Using the BLSloadR File Cache

library(BLSloadR)

Overview of BLS File Structure

BLSloadR streamlines access to data from the U.S. Bureau of Labor Statistics (BLS). The primary source of this data is the BLS “flat files” which are published at https://download.bls.gov/pub/time.series/. This data is published as text files in the form of a relational database, with data organized into three main categories of file:

  1. Data files, which contain the values associated with discrete data series.
  2. Series files, which link data files to a series of data lookup codes via a series code.
  3. Lookup files, which map the series lookup codes to descriptive values.

Some databases will use multiple data files that act as slices of the larger data set. Others use an “aspect” file to add additional dimensions to the data.

File Caching in BLSloadR

This article discusses the implementation of a file cache for BLSloadR, which will optionally download files from the BLS to local storage to accomplish two goals:

  1. Maintain a local copy of the data in case of network disruption.
  2. Reduce network overhead when regularly accessing BLS data, more frequently than the data is updated by BLS.

To preserve existing functionality, file caching is not enabled by default in BLSloadR. There are two ways to use file caching - as a one-off argument in a supported function, or by setting the environment variable in your Renviron file. When file caching is enabled, BLSloadR will take the following steps:

  1. View information about the remote files (size and last-modified date)
  2. Look for the corresponding file in your local cache

If the local file does not exist, or is older or a different size than the BLS file, then a new file is downloaded to the cache and then read. Otherwise, the local file will be read. Functions currently supporting a file cache are:

Using File Cache Case-by-Case

Supported functions in BLSloadR include the cache argument, which defaults to FALSE. Using the file cache on a case-by-case basis can be done by setting cache=TRUE in the function. Note that subsequent usage without setting the cache variable will ignore any cached files - in order to evaluate whether there are any cached files, the argument must be set to TRUE.

Enable Default File Caching

In order to enable file caching by default, you can set an environment variable in your Renviron file, and add the following: USE_BLS_CACHE="TRUE"

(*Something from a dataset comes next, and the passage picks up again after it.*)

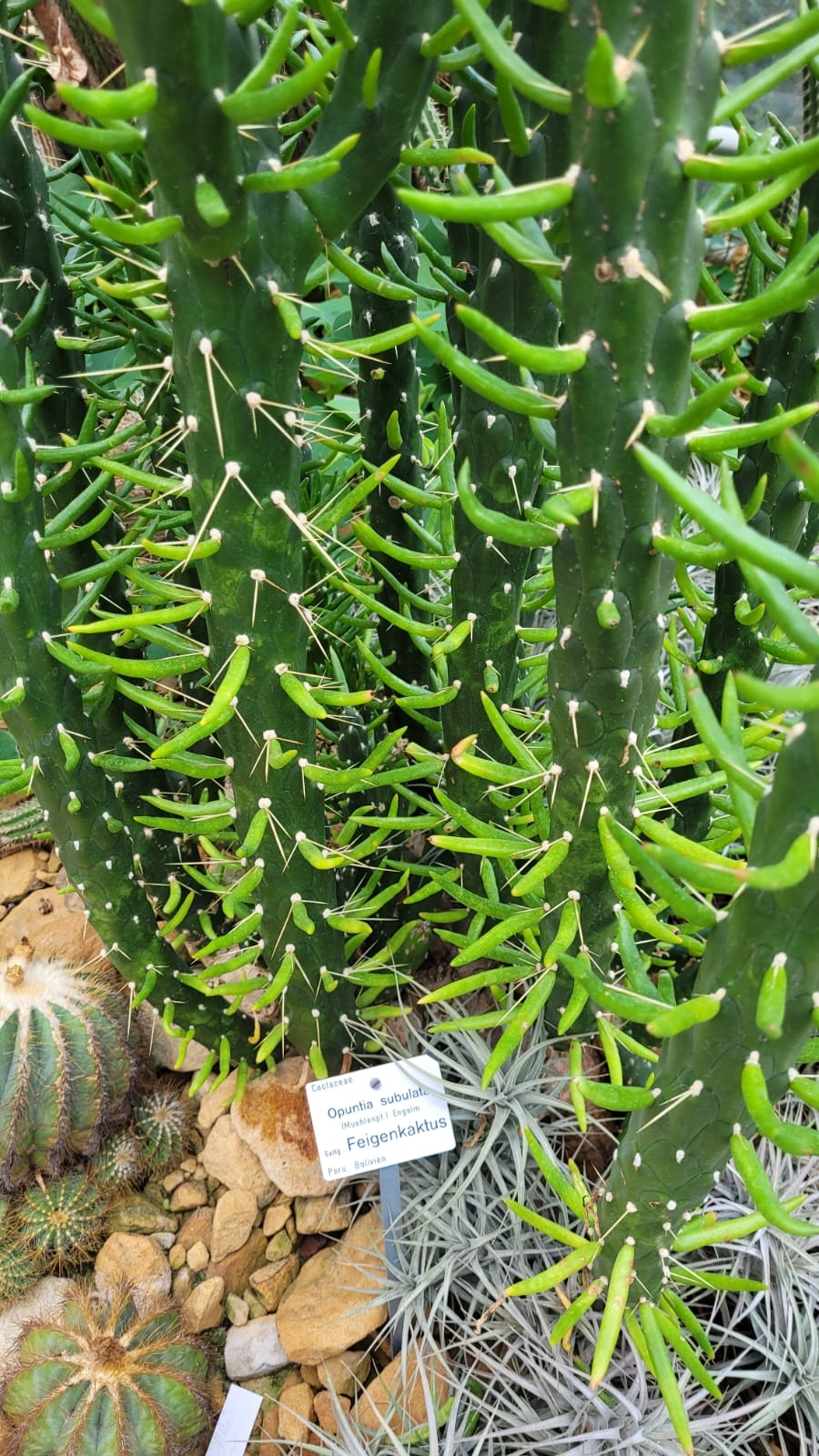 Opuntia subulata - Feigenkaktus - Image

When file caching is enabled by default, you can still disable use of the cache on a temporary basis by using the cache argument within the supported functions: cache=FALSE

Controlling Cache Location

The BLS file cache can be controlled with the BLS_CACHE_DIR environment variable. If this variable is not set but the cache is used, BLSloadR will use the folder location given by tools::R_user_dir("BLSloadR", which = "cache"). You can check the cache directory with the helper function bls_get_cache_dir().